In life, the mental poise, the equilibrium, that we all seek comes when we pay careful attention to all the factors that contribute to balance. The body requires sound nutrition, adequate hydration, sufficient rest, and plenty of exercise. The mind needs stimulation, and every opportunity to be challenged by openness to new ideas and perspectives, and fresh ways of thinking. The spirit needs to think beyond self, and find meaning in altruistic and compassionate living.
We also need to be aware of the situations that cause us a sense of imbalance and be willing to take the steps that we know will restore balance. The willingness to be "burned twice (or more) by the same flame" is strangely common amongst we humans.
I have learned that there are at least three things that help us achieve a sense of balance in life.

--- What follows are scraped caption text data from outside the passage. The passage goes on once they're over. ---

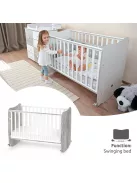 Lorelli Stars ringatható kiságy 60x120 - White / Amber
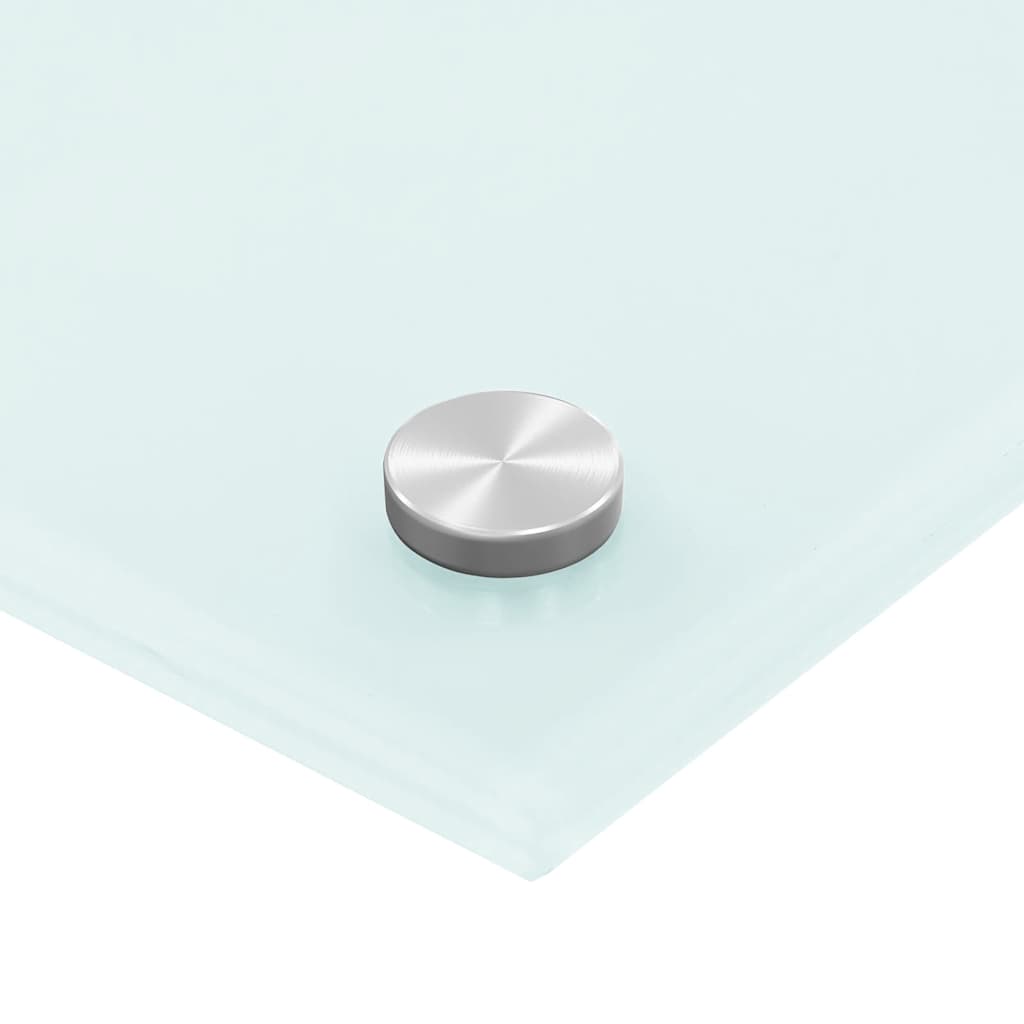 Kitchen Backsplashes 2 pcs White 80x40 cm Tempered Glass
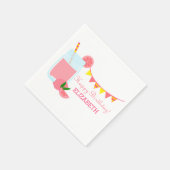 Pink Lemonade Geburtstagsparty Serviette (Ecke)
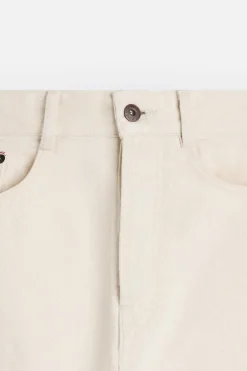 ZARA Calças De Ganga^JEANS SLIM FIT Branco-marfim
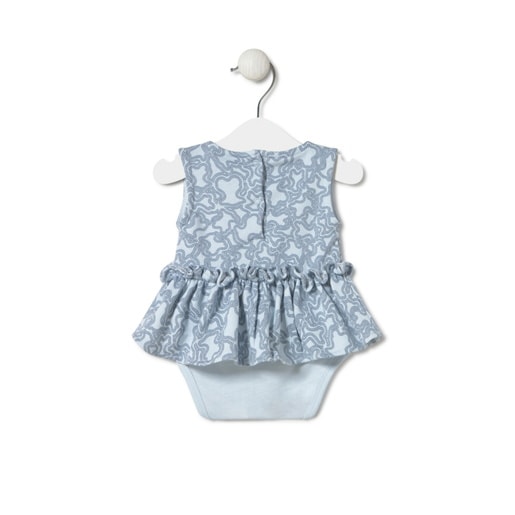 Body con falda de bebé niña KaosP azul celeste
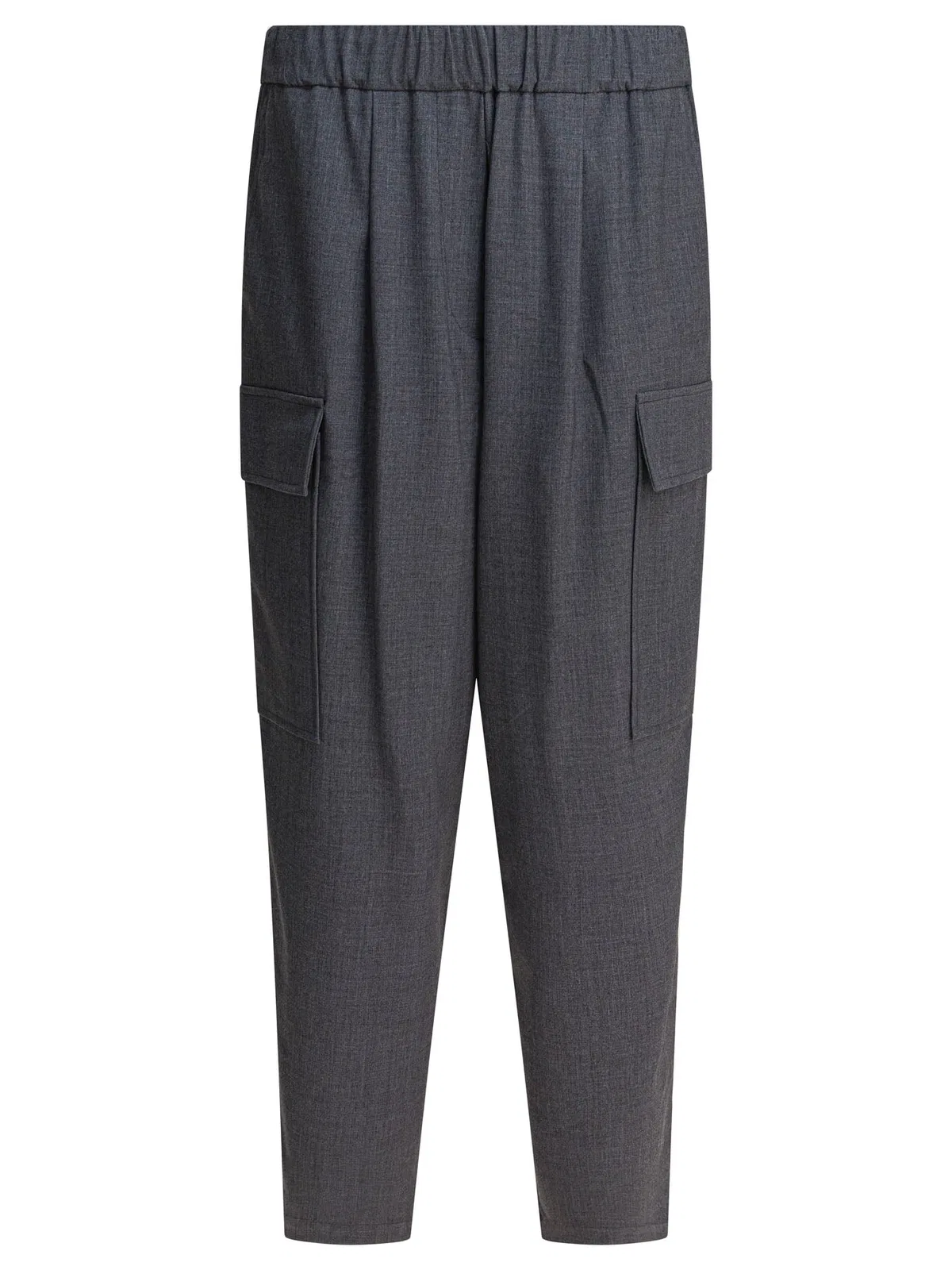 Grey Polyester Trousers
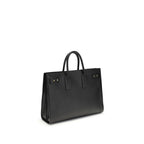 Saint Laurent Black Calf Leather Bos Taurus Handbag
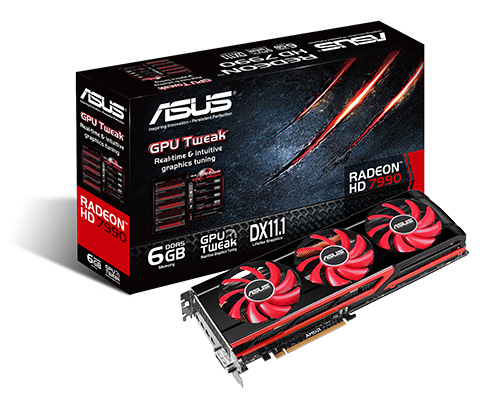 ASUS a lansat placa grafica Radeon HD 7990 Dual-GPU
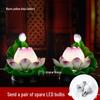 Lotus Buddha Offering Lamp - Guanyin Bodhisattva Plug-in, 7 Colors, Horse Year Design, Household Pair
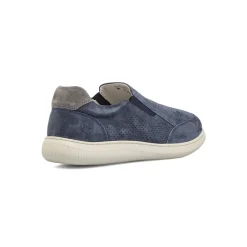 Sneakers Slip-on da Uomo blu con tomaia traforata Lumberjack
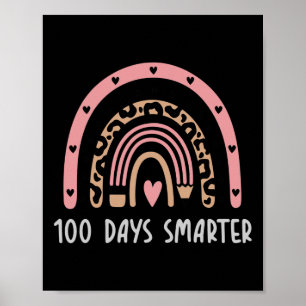 100th Day Of School Teacher Costume 100 Days Smart Poster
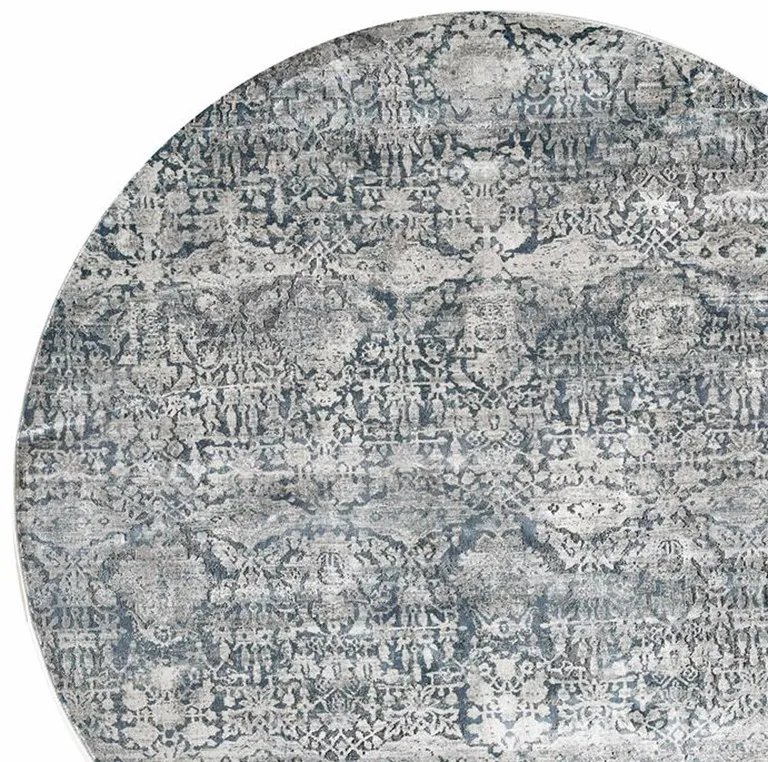 Teal Polyester or  Viscose Rug Photo 4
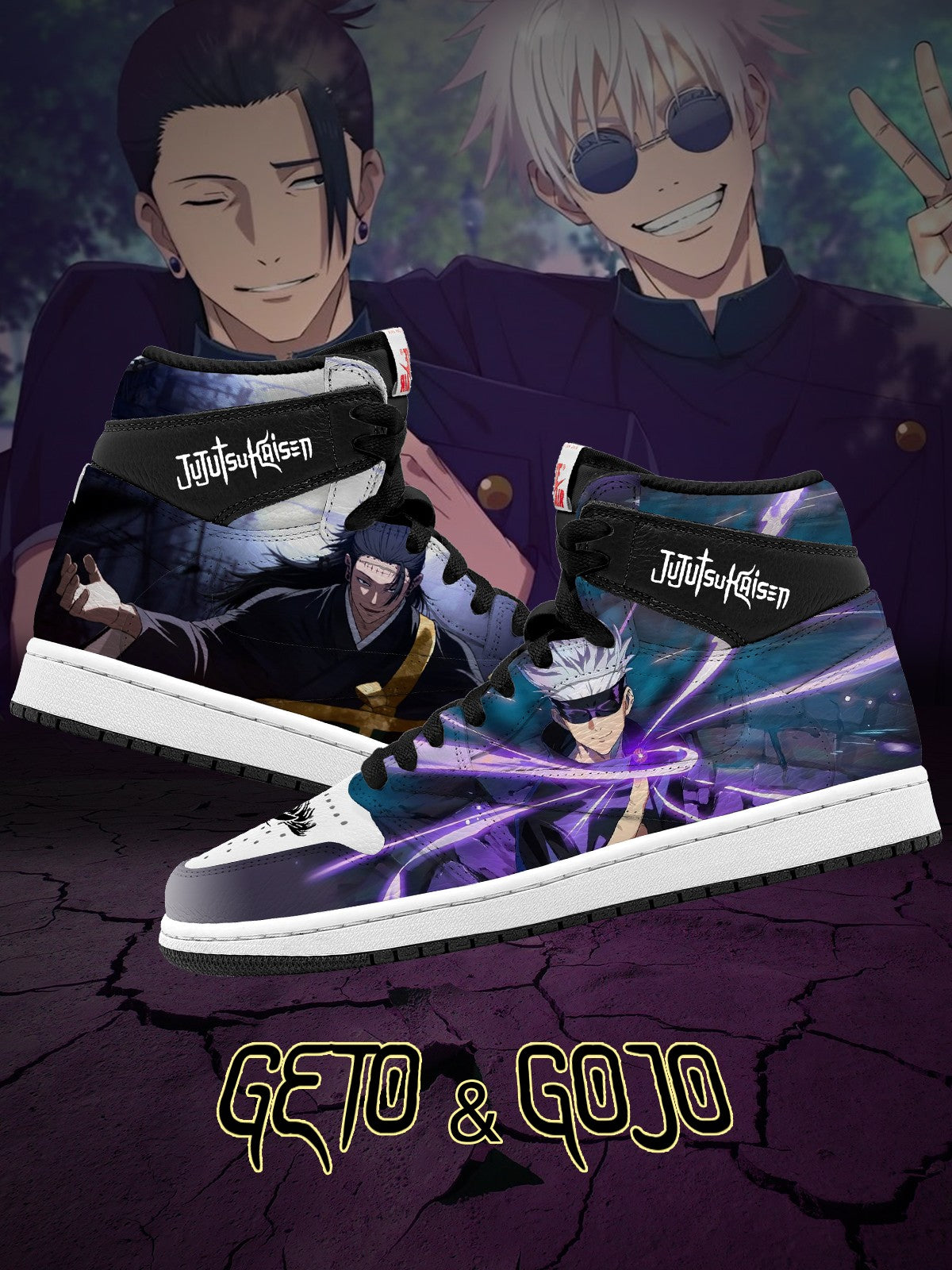 Geto und Gojo V.1 Custom TS High Sneakers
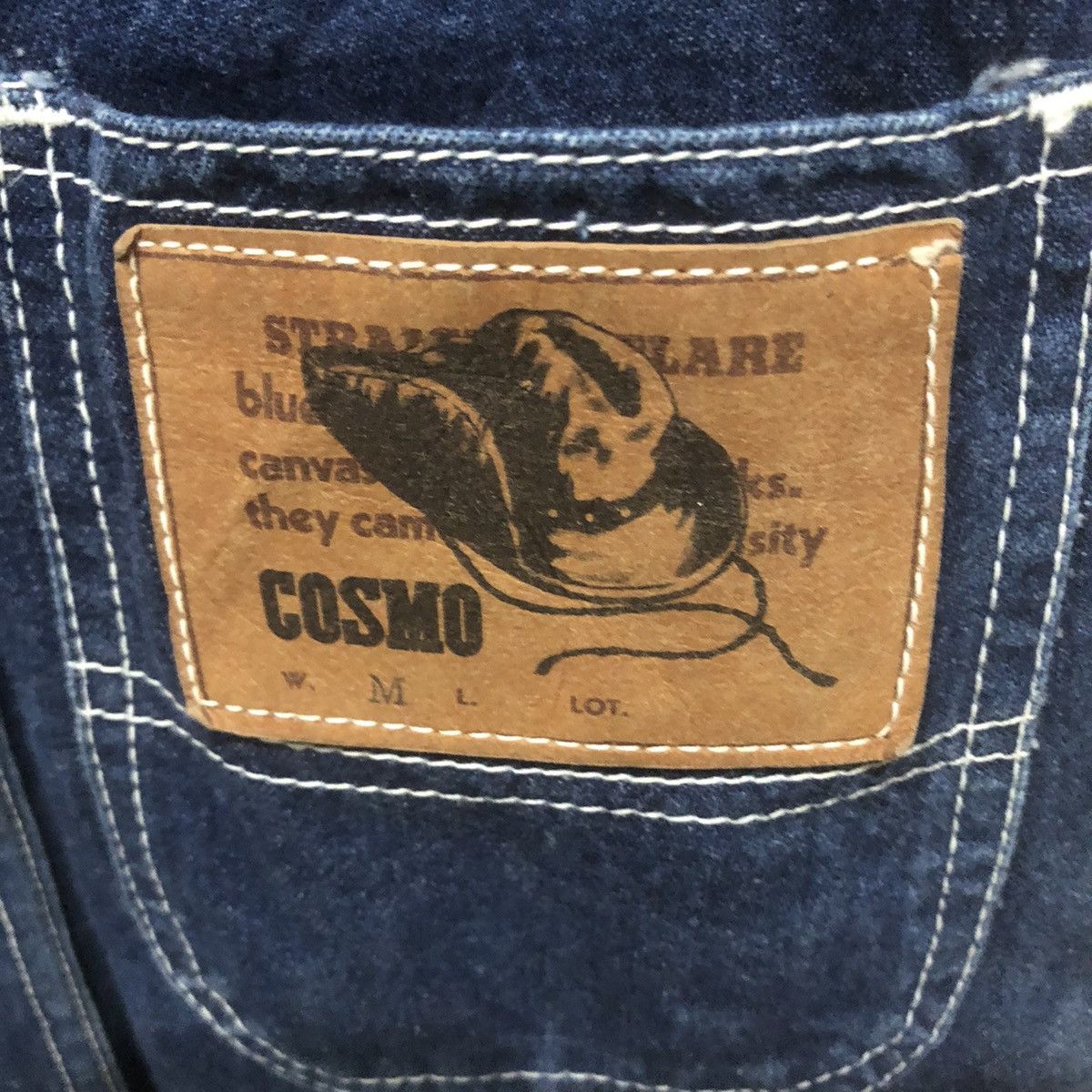 Japanese Brand Cosmo Indigo Denim Overall Size 28" / US 6 / IT 42 - 8 Thumbnail
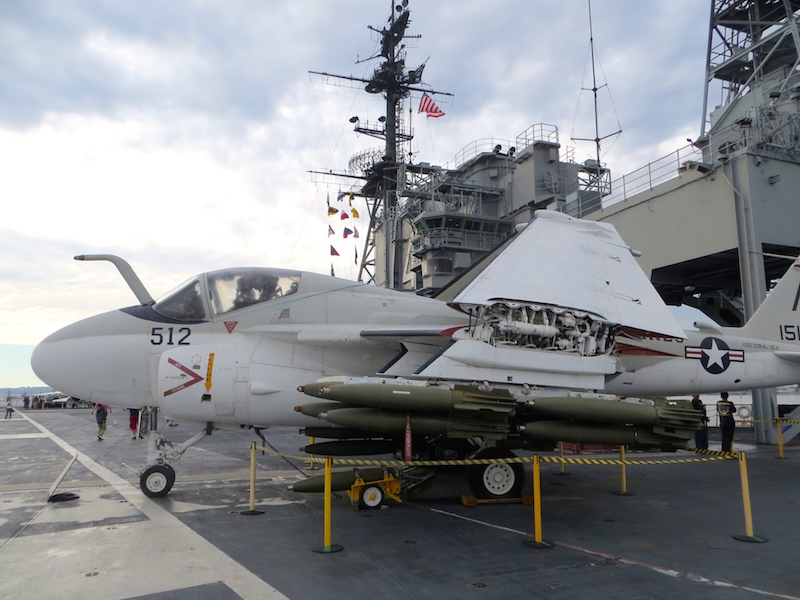 Besuch der USS Midway in San Diego.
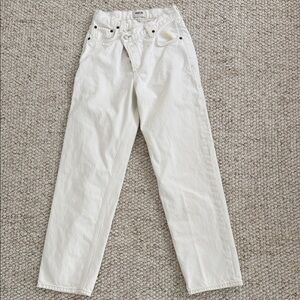 Agolde Straight Leg Jeans - Crisp White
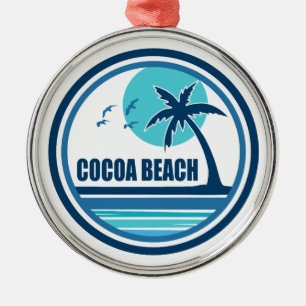 Cocoa Beach Florida Palm Tree Birds Metal Tree Decoration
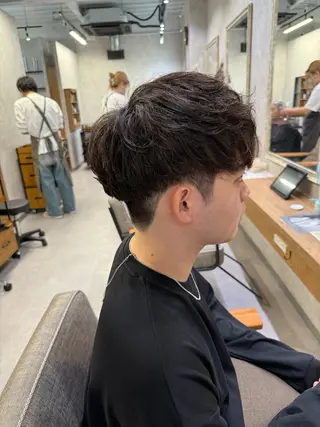 ショート 髪質改善/縮毛矯正 /メンズ/佐澤りょうのヘアスタイル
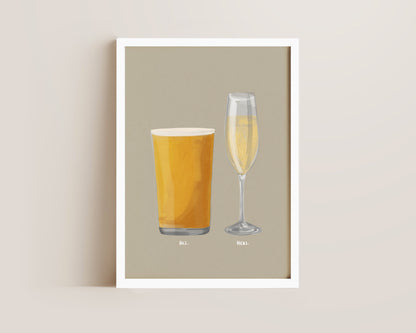 Cider & Prosecco Couples Drink Print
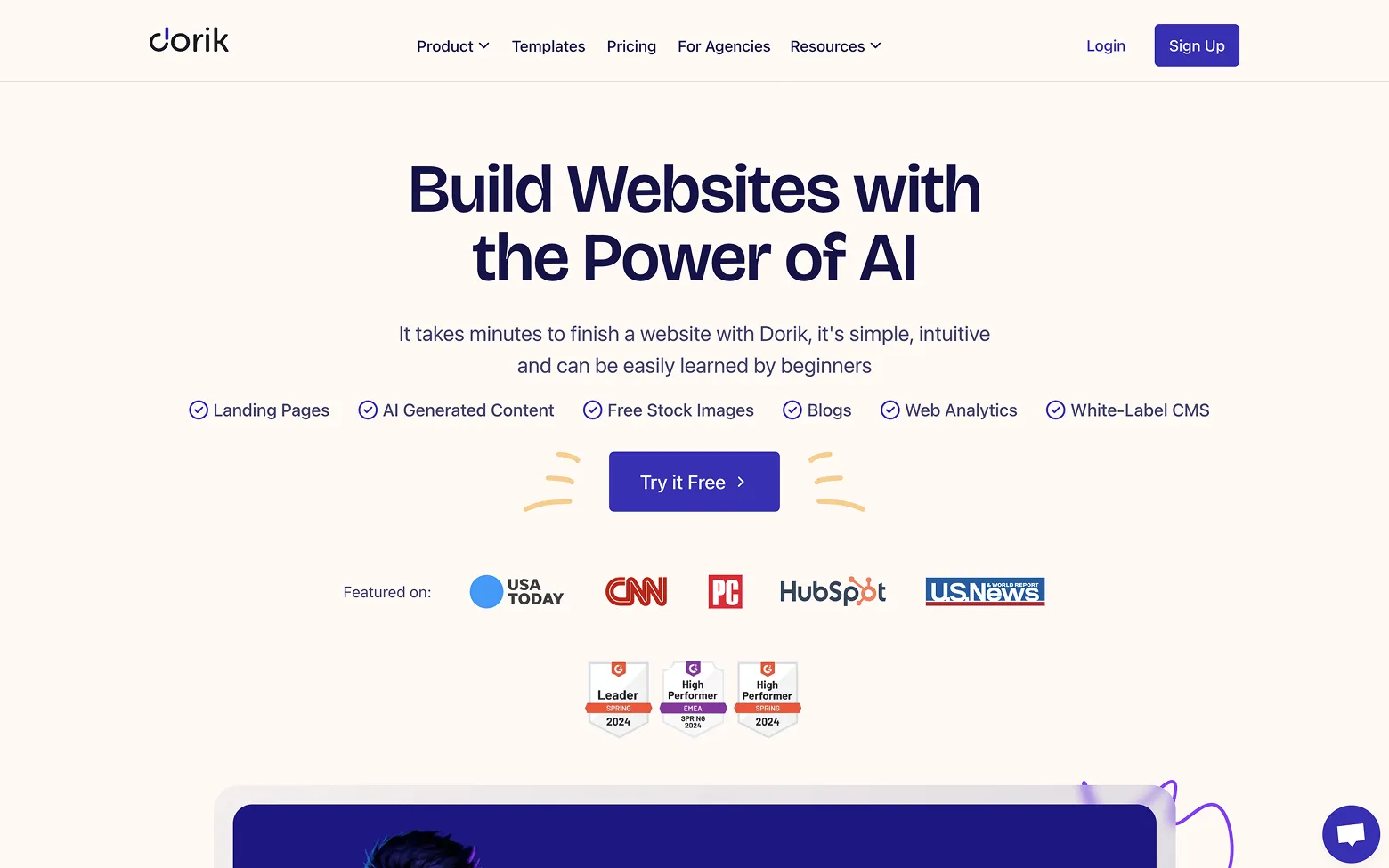 AI Website Example 22: Dori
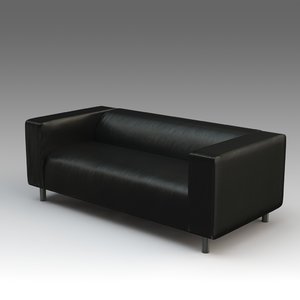 3d leather sofa ikea model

The first is accepting and being comfortable with change, and not being afraid of the uncertainty that comes with change. There is no doubt that uncertainty is unsettling. But change, after all, is proof positive we are alive. Everything and everyone changes. Our thoughts change, our perspectives change, our relationships change, our understanding of the world changes as we gain wisdom and experience. But change opens doors to growth. And growth reveals a banquet table of new possibilities. There is nowhere to run from change, and in trying, we simply exhaust ourselves.
Of course facing change is a little scary, it takes courage. This plump Scottish grouse, with his very impressive red eyebrow wattle (much adored, it is presumed by the opposite sex), demonstrated courage when he stepped out of the heather onto our path. He came to no harm. :)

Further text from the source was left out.